Cause (S3): AWS credentials are not available in the environment, the bucket policy does not allow the IAM role used by AWS Batch, or the S3 path is incorrect.
Cause (GCS): The service account does not have the Storage Object Admin role on the bucket, or the bucket and the Life Sciences API are in different regions.
Solution (AWS):
# Verify credentials are configured
aws sts get-caller-identity
aws s3 ls s3://my-bucket/
# Pass credentials via environment variables if not using IAM roles
export AWS_ACCESS_KEY_ID=...
export AWS_SECRET_ACCESS_KEY=...
export AWS_DEFAULT_REGION=us-east-1
# S3 paths must use s3:// protocol, not s3a:// or https://
--input s3://my-bucket/experiment.sdrf.tsv # correct
--outdir s3://my-bucket/results/
-work-dir s3://my-bucket/work/
# Verify GCS access
gcloud auth application-default login
gsutil ls gs://my-bucket/
# Nextflow GCS config
google {
project = 'my-gcp-project'
location = 'us-central1'
}
Use versioned S3 paths
Avoid using S3 paths that end with a trailing slash in the SDRF comment[file uri] column. Always use full object keys: s3://bucket/prefix/run1.mzML.
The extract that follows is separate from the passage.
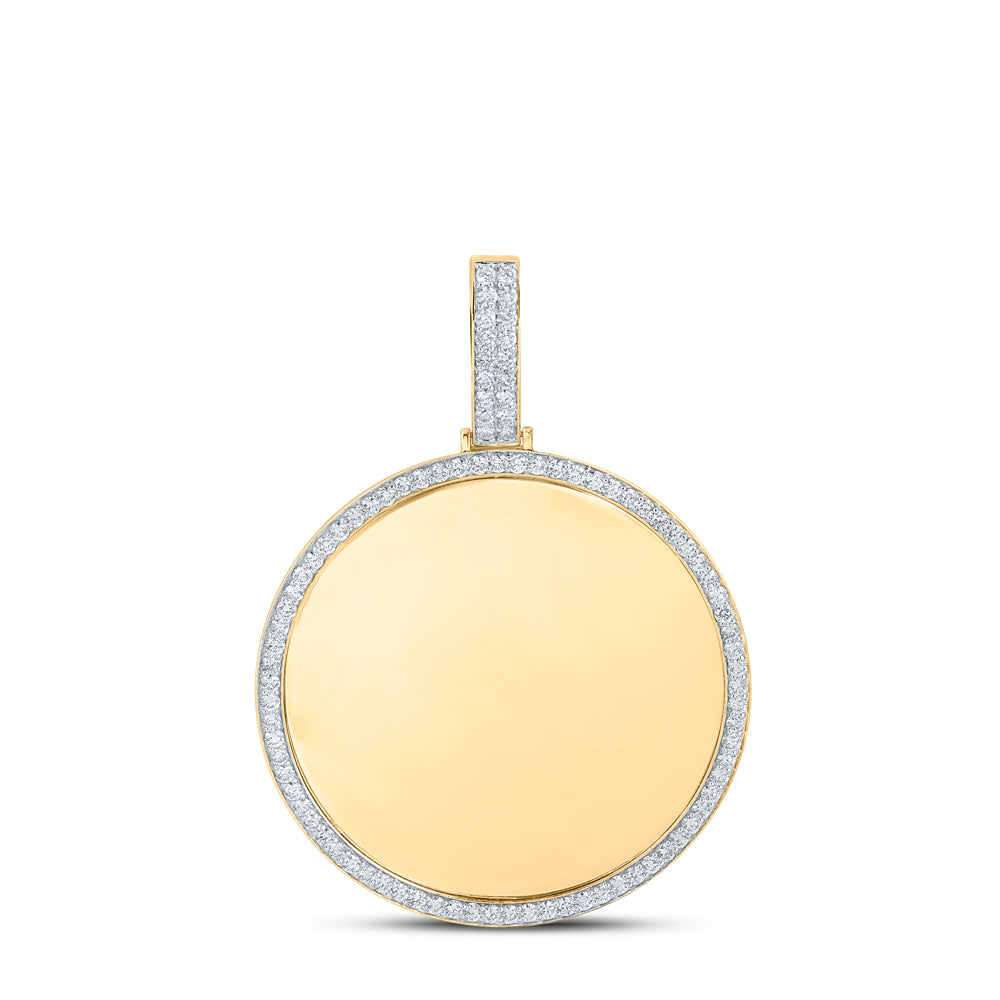 14K Yellow Gold 5 CTW-Natural Diamond Memory Mens Charm 29.52 Gram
How to Check Pipeline Logs¶
Nextflow writes structured logs that help diagnose failures at any step.
# Show all recent runs
nextflow log
# Show per-task status for the most recent run
nextflow log last -f name,status,exit,workdir
# Inspect the log, stdout, and stderr of a failed task
# Replace <workdir> with the path shown by the command above
cat <workdir>/.command.log # combined output
cat <workdir>/.command.out # stdout only
cat <workdir>/.command.err # stderr only
cat <workdir>/.command.sh # exact command that was run
cat <workdir>/.command.run # Nextflow wrapper script
# Show the full Nextflow execution log
cat .nextflow.log
For long-running jobs, tail the log in real time:
How to Report Bugs¶
If you have confirmed the issue is not covered above and is not a local configuration problem, please open an issue on GitHub:
https://github.com/bigbio/quantms/issues
Please include:
- The full command you ran (with parameters).
- The Nextflow version (
nextflow -v) and pipeline version (-r). - The container runtime and version (
docker --versionorsingularity --version). - The contents of
.nextflow.log(attach as a file). - The contents of
.command.logand.command.errfrom the failed task's work directory. - A minimal reproducible example if possible (e.g., a small SDRF + a few spectra files that trigger the error).
The more detail you provide, the faster the issue can be diagnosed and resolved.